- I have enrolled in a form class. I think, as a general rule of thumb, my poems are too rowdy. Not very disciplined. Kind of like my mind. The things I write about, tend to find their own forms, rather than stay within the norms of the forms. But isn't that the thing about forms? But, I still think, it's good to try to write in forms. Like, this week, we are doing "blank verse." A form, which, admittedly leads itself to "imitation and reflection of thought." In other words, wordy! Now, this shouldn't scare me, the verbose person that I am. Except for the fact that all this wordiness needs to be expressed in iambic pentameter, in a fixed order of stressed and unstressed syllables.

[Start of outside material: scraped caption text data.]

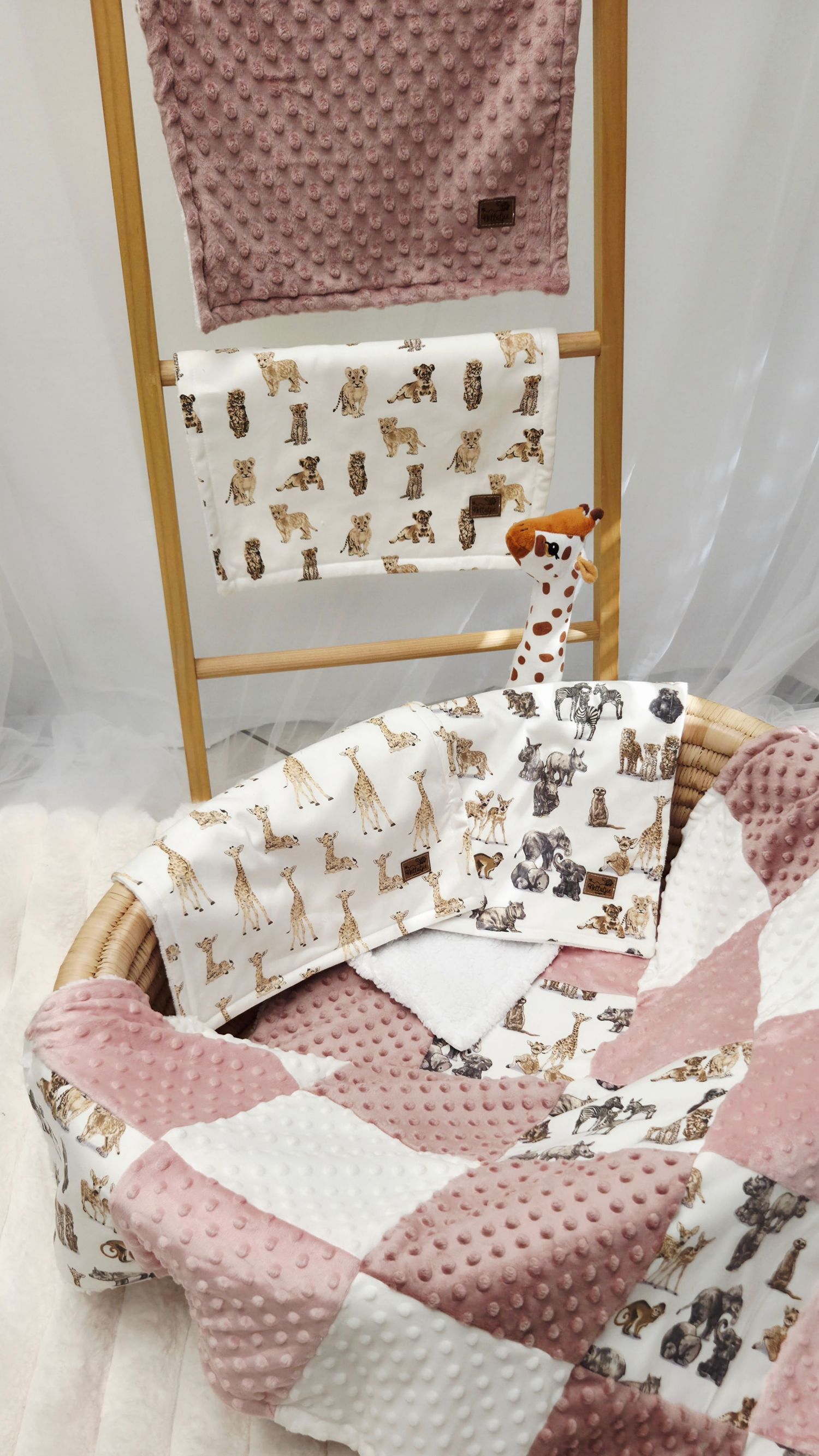 Pink minky patchwork baby quilt set with safari animal print blankets and giraffe toy in wicker basket.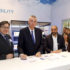 Three men signing a contract at EuroShop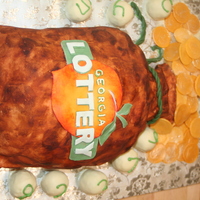 Georgia Lottery Cake Money Bag Money Bag cake covered in MMF, logo made from gumpaste. Coins made form mold that I made from a Silver Kennedy Dollar, lotto balls are cake...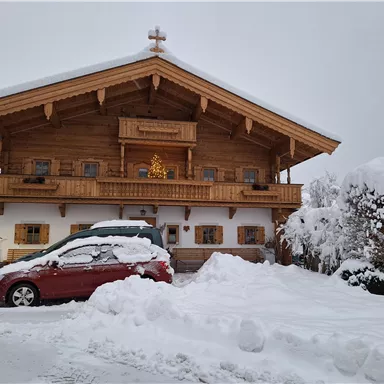 A cozy wooden house in the snow with a decorated balcony. A red car is parked in front of the house, surrounded by a blanket of snow.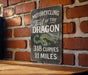a sign on a brick wall that says motorcycling fall of the dragon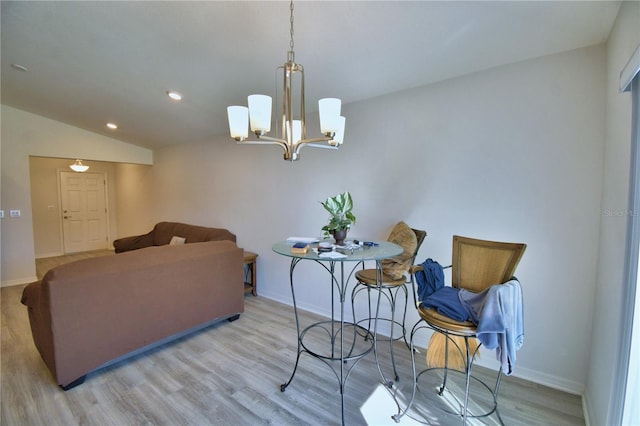 living room featuring light wood-type flooring, recessed lighting, baseboards, lofted ceiling, and a chandelier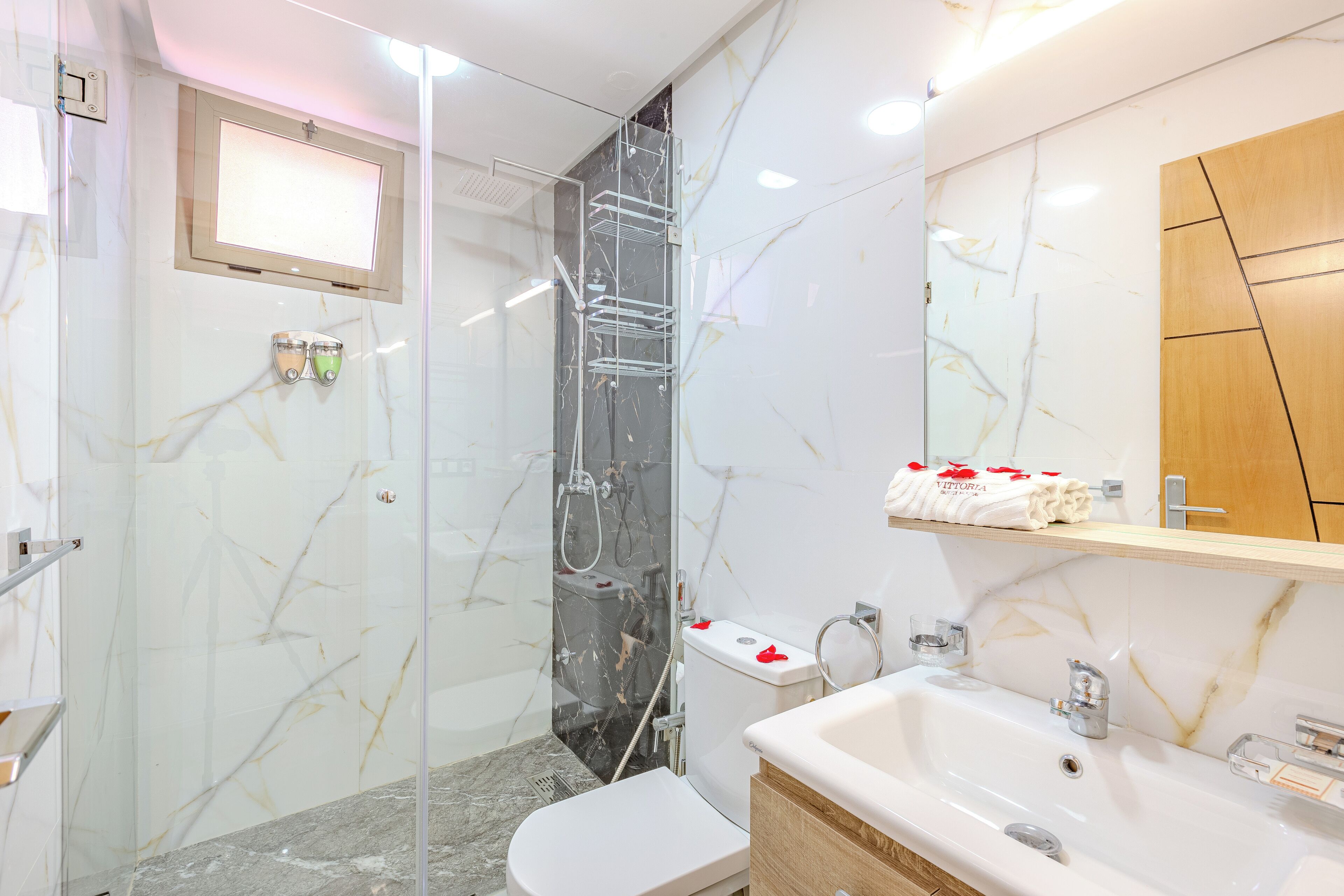 A modern bathroom with a glass-enclosed shower, a white toilet, and a vanity with a mirror and shelf.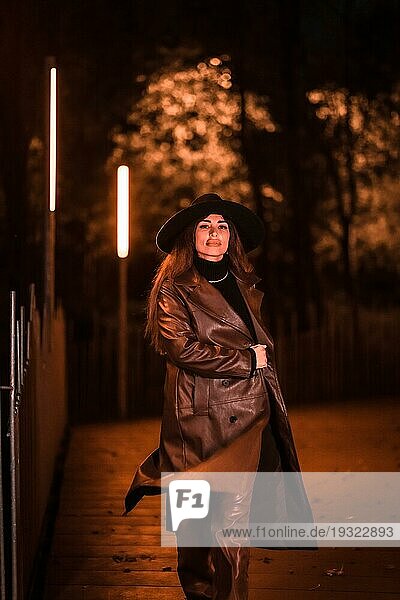 Kaukasisches brünettes Mädchen mit Hut geht nachts in einem Park spazieren. Winter Abendmode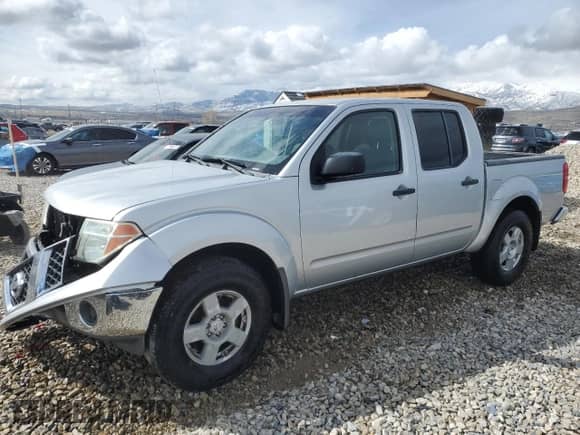 2005 Nissan Frontier SE z VIN 1N6AD07W95C455998, wystawiony jako Copart lot #51514145 z przebiegiem 135 000 mil mil oraz Szkoda całkowita • Salvage title. Historia ofert i sprzedaży dostępna na DreamBid. Obrazek 1.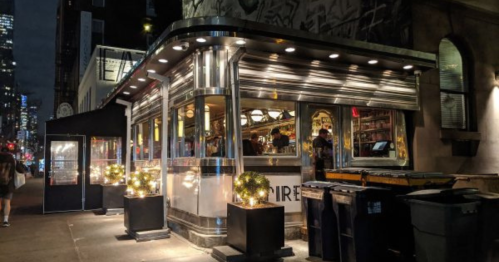 A brightly lit diner at night, featuring a retro design and outdoor seating, surrounded by city lights.
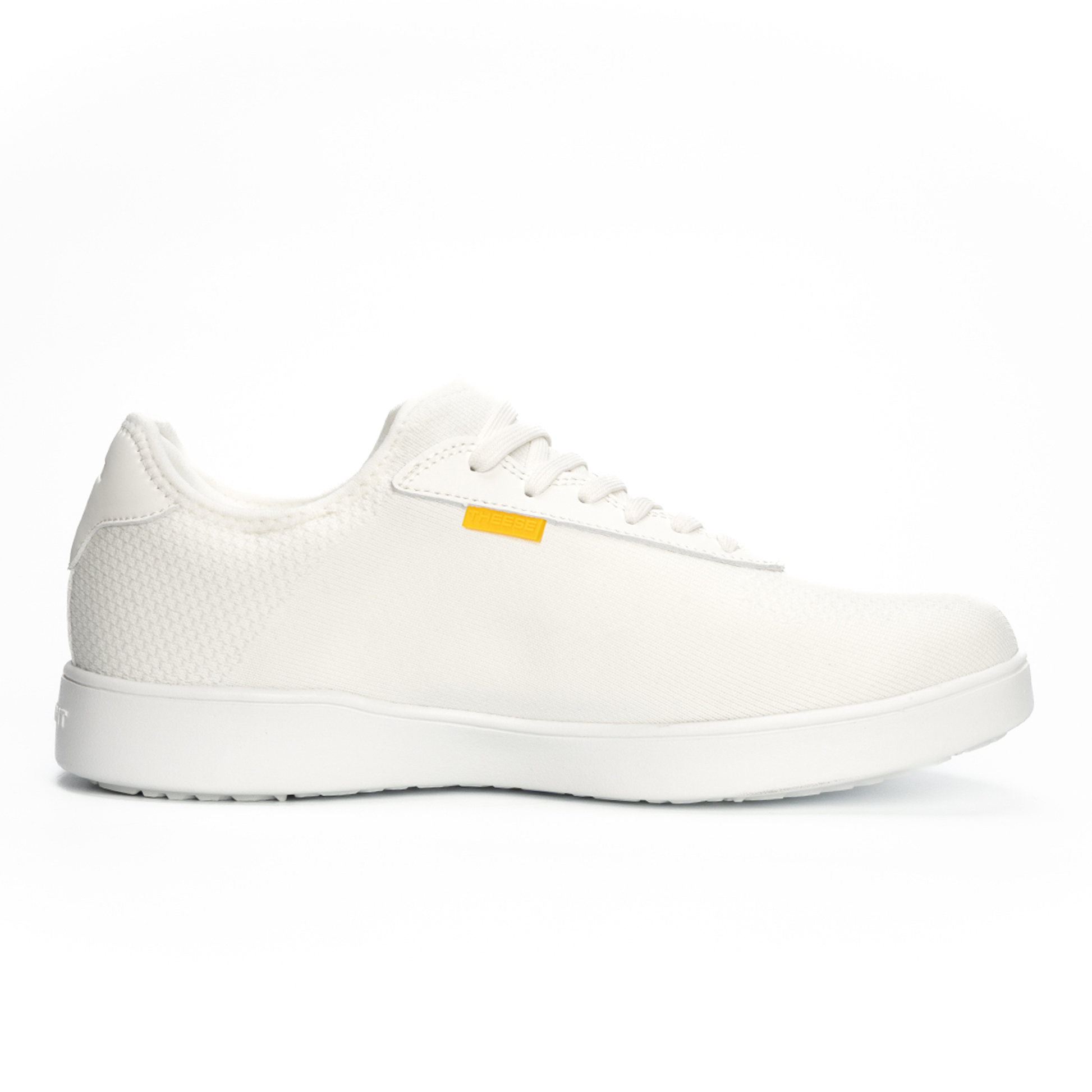 White sneaker with a small yellow tag on a white background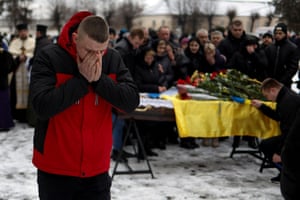 Letychiv, Ukraine. A friend mourns by a coffin carrying nan assemblage of Ukrainian decathlete and serviceman Volodymyr Androshchuk, who was precocious killed successful a conflict against Russian troops adjacent Bakhmut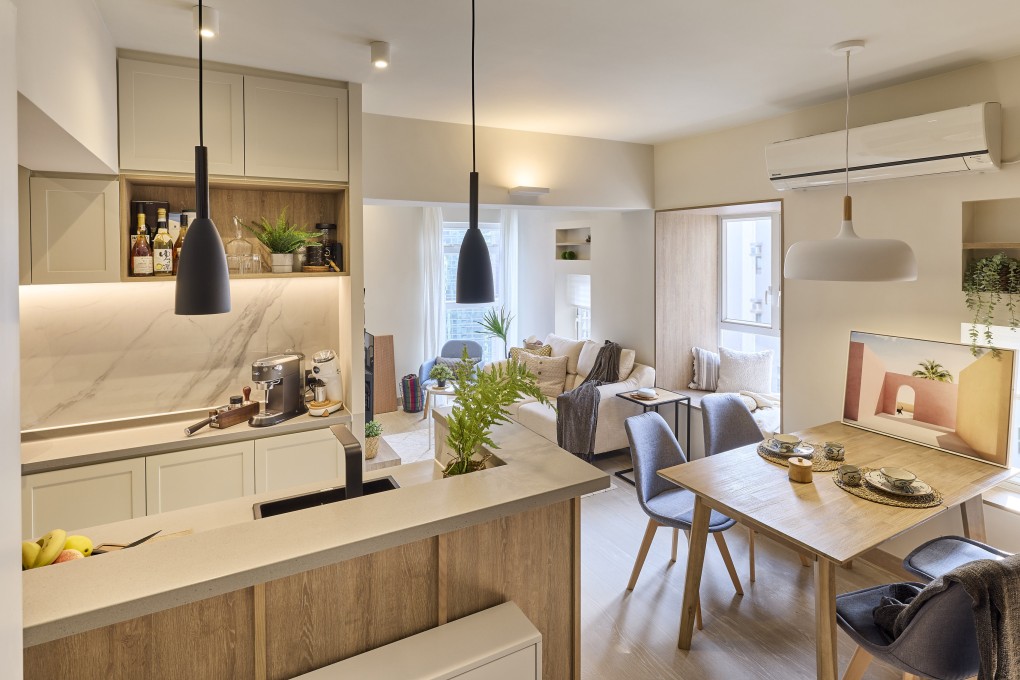 The kitchen, dining and sitting areas of Kenneth Yuen and Sabrina Jensen’s redesigned 397 sq ft apartment in Hong Kong’s Wan Chai district. Photo:  Michael Perini
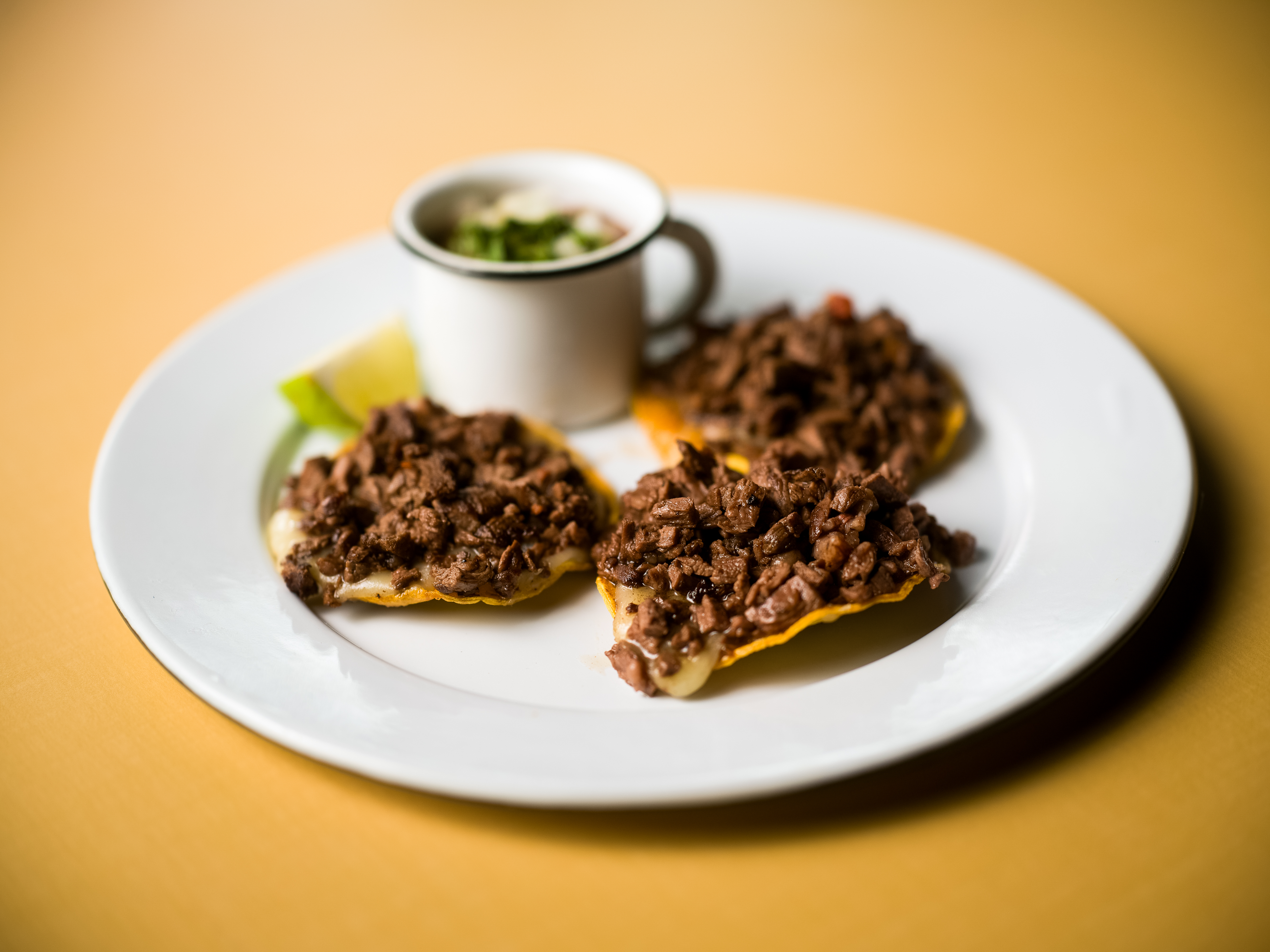 Volcán de bistec, or crispy tortillas topped with shredded beef, with a side of salsa.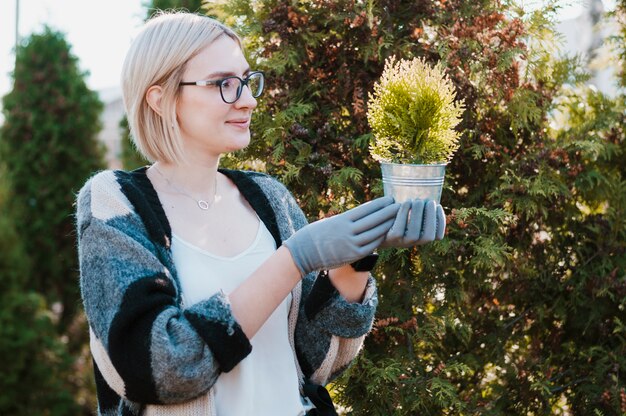 Gardener with plant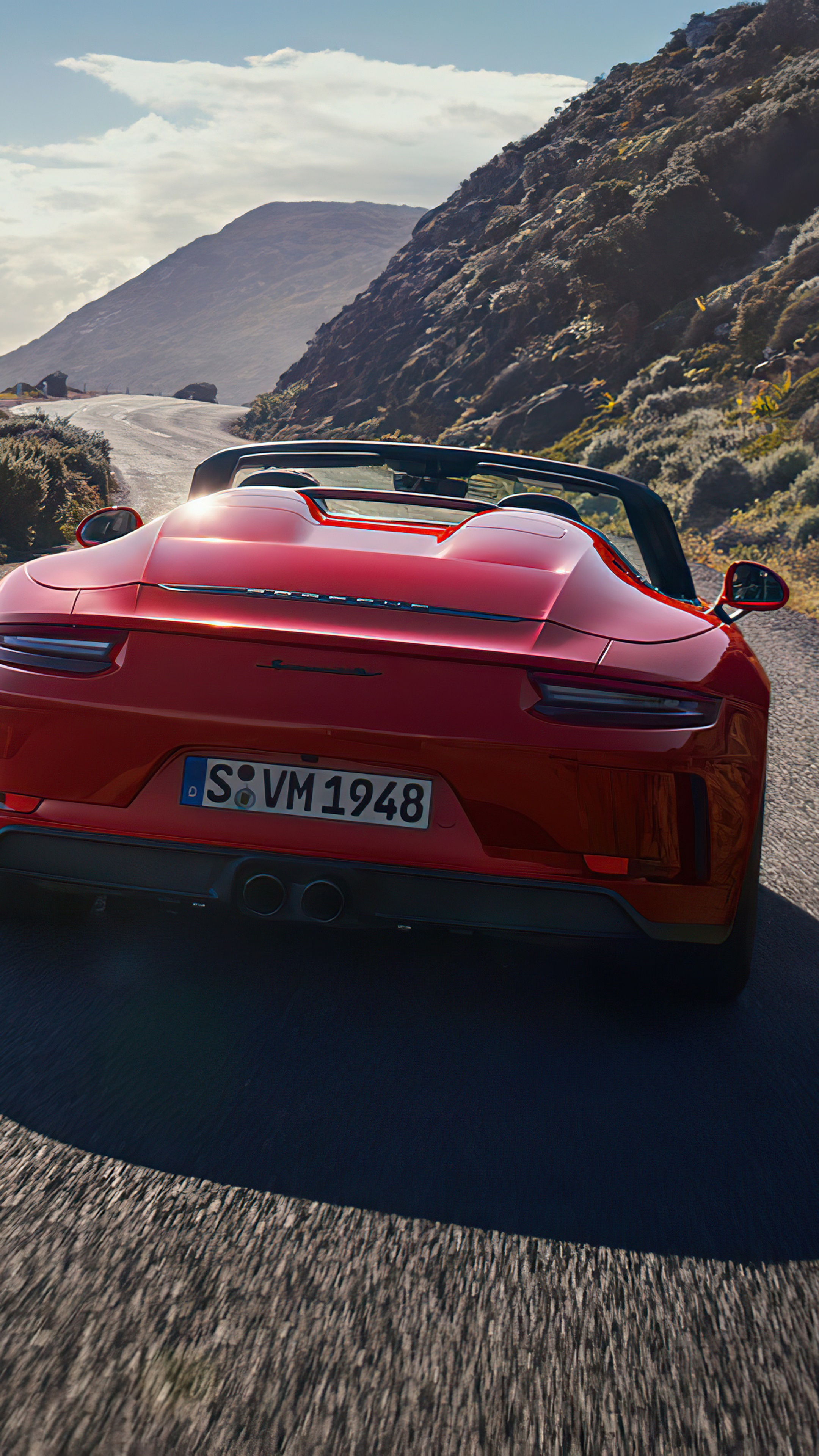 Red Porsche 911 Speedster driving on a mountain road HD Phone Wallpaper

From what we read this week, I really liked Robert Frost's "Directive."
- Frost's poem, I think, is very much a pastoral and anti-pastoral at the same time. I was trying to read it in conjunction with Charlotte Smith's poem, where the nature has been personified, the narrator seems to be in perfect harmony with it. But in Frost's poem, “nature” and “human history” confront each other in a somewhat antagonistic relationship. The nature is beautiful in Frost's poem too, but it changes through human intervention. It is almost as if Frost feels compelled to use the same form in which pastoral poems were written to show that his concerns are very different. I think, that sentiment has been best expressed in the opening lines: “ Back out of all this now too much for us,/Back in a time made simple by the loss/Of detail burned, dissolved, and broken off/Like graveyard marble sculpture in the weather.
It seemed to me that in lots of places Frost is lapsing into hexameter. For me, what is meant was that, he was looking for a form, which needed to be a little bit hefty. As if his thoughts are struggling to fit themselves in lines, and even a pentameter is not always adequate for him.
Saturday, July 9, 2011
Robert Frost's "Directive"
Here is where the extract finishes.